Potential interactions between some of Mr. S’s other medications may lead to tachycardia, but none were particularly likely. Interactions between the serotonergic medications he was taking (sertraline and trazodone) can cause serotonin syndrome, but Mr. S lacked signs of serotonin syndrome. These medications, as well hydroxyzine, may contribute to prolongation of the QTc interval, which can cause tachycardia, but the patient’s QTc was normal at 408 ms on hospital day 15. Dopamine-blocking medications such as olanzapine, paliperidone, and risperidone may cause neuroleptic malignant syndrome (NMS), but Mr. S lacked signs of NMS. No other potential interactions between medications Mr. S was taking were identified.

When applying the Naranjo Adverse Drug Reaction (ADR) Probability Scale [16], an instrument designed to assess causality for adverse drug reactions, we found an ADR score of 7 for both risperidone and paliperidone palmitate, indicating a probable link with this patient’s tachycardia. Unfortunately, we are not able to comment on the type of tachycardia Mr. S experienced, since he did not undergo continuous cardiac monitoring. Though he did undergo two EKGs during his admission, both of which demonstrated sinus rhythm with normal HR, the first occurred at the start of his admission and the second occurred after propranolol was initiated. The fact that another EKG was not obtained in between these two highlights the importance of promptly obtaining an EKG to help guide treatment should a patient develop persistent tachycardia.

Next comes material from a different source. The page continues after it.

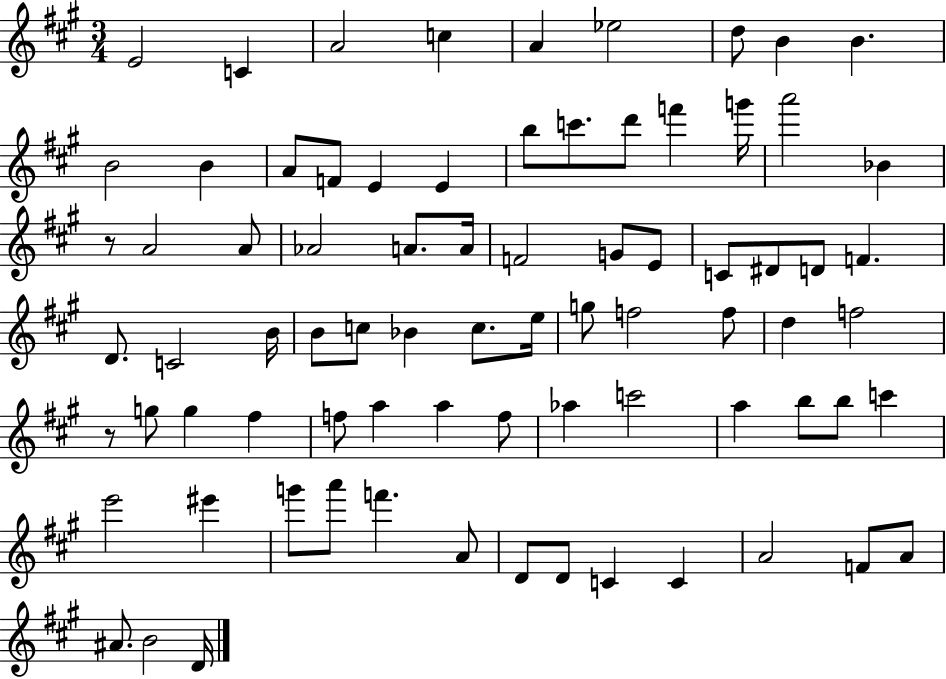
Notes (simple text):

One future consideration would be to use Carbamazepine to more rapidly decrease drug levels in patients with unwanted side effects associated with long-acting injections. In particular, Carbamazepine can be used to expedite metabolism of risperidone through induction of CYP3A4 [17].

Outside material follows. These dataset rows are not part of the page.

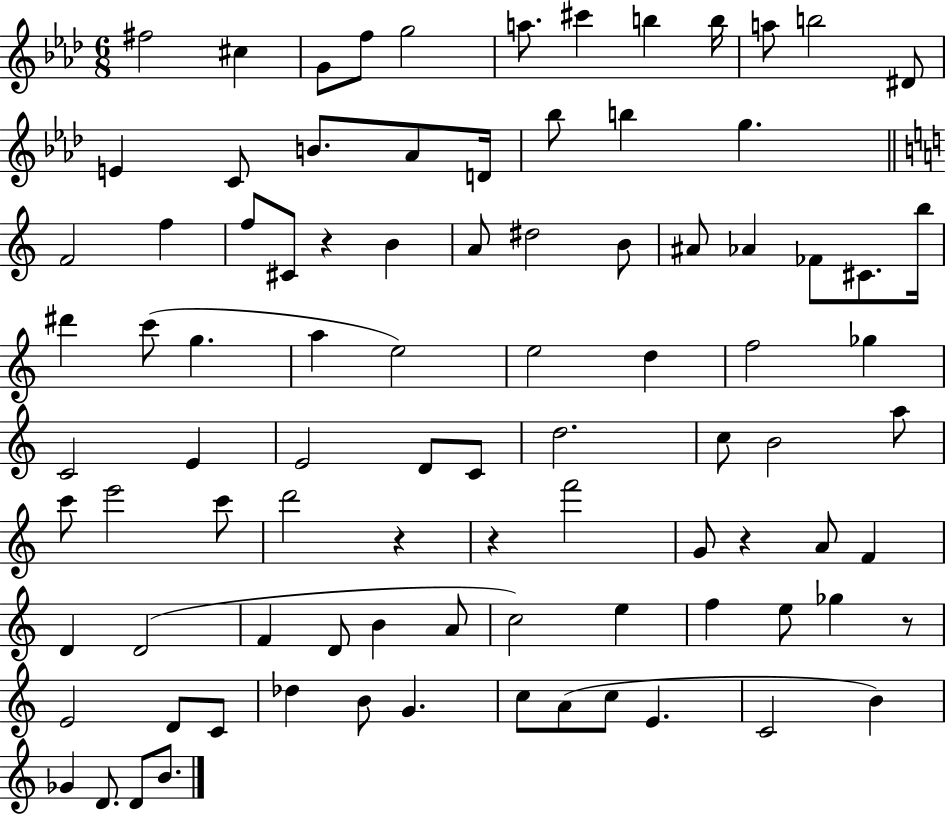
F#5/h C#5/q G4/e F5/e G5/h A5/e. C#6/q B5/q B5/s A5/e B5/h D#4/e E4/q C4/e B4/e. Ab4/e D4/s Bb5/e B5/q G5/q. F4/h F5/q F5/e C#4/e R/q B4/q A4/e D#5/h B4/e A#4/e Ab4/q FES4/e C#4/e. B5/s D#6/q C6/e G5/q. A5/q E5/h E5/h D5/q F5/h Gb5/q C4/h E4/q E4/h D4/e C4/e D5/h. C5/e B4/h A5/e C6/e E6/h C6/e D6/h R/q R/q F6/h G4/e R/q A4/e F4/q D4/q D4/h F4/q D4/e B4/q A4/e C5/h E5/q F5/q E5/e Gb5/q R/e E4/h D4/e C4/e Db5/q B4/e G4/q. C5/e A4/e C5/e E4/q. C4/h B4/q Gb4/q D4/e. D4/e B4/e.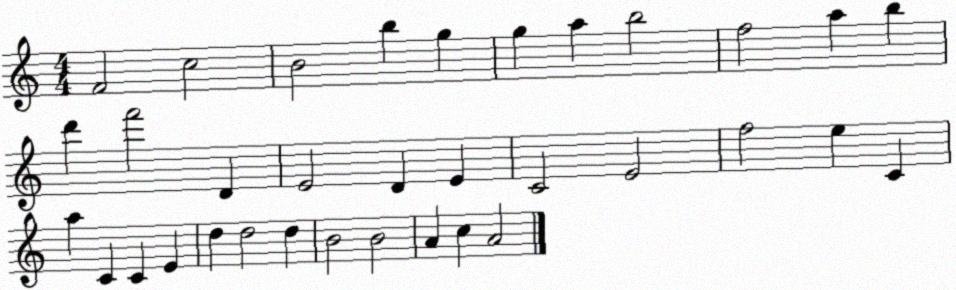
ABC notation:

X:1
T:Untitled
M:4/4
L:1/4
K:C
F2 c2 B2 b g g a b2 f2 a b d' f'2 D E2 D E C2 E2 f2 e C a C C E d d2 d B2 B2 A c A2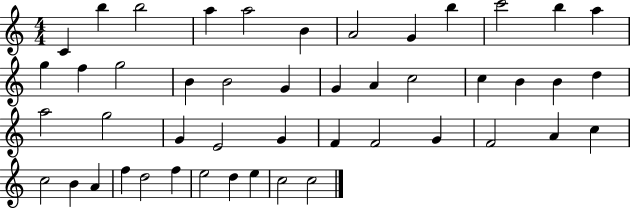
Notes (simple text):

C4/q B5/q B5/h A5/q A5/h B4/q A4/h G4/q B5/q C6/h B5/q A5/q G5/q F5/q G5/h B4/q B4/h G4/q G4/q A4/q C5/h C5/q B4/q B4/q D5/q A5/h G5/h G4/q E4/h G4/q F4/q F4/h G4/q F4/h A4/q C5/q C5/h B4/q A4/q F5/q D5/h F5/q E5/h D5/q E5/q C5/h C5/h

This case provides further evidence of an association between risperidone/paliperidone palmitate and tachycardia occurring several hours, or even more than 24 hours, postadministration. With this in mind, it is imperative that psychiatrists regularly monitor vital signs in patients recently initiated on these medications to identify and appropriately manage this potentially harmful side effect.

Data Availability

The deidentified patient data used in this case report are available from the corresponding author upon request.

Disclosure

The patient and his associated data have been deidentified. This case did not involve experimentation on human subjects.

Conflicts of Interest

The authors have no disclaimers or conflicts of interest to disclose.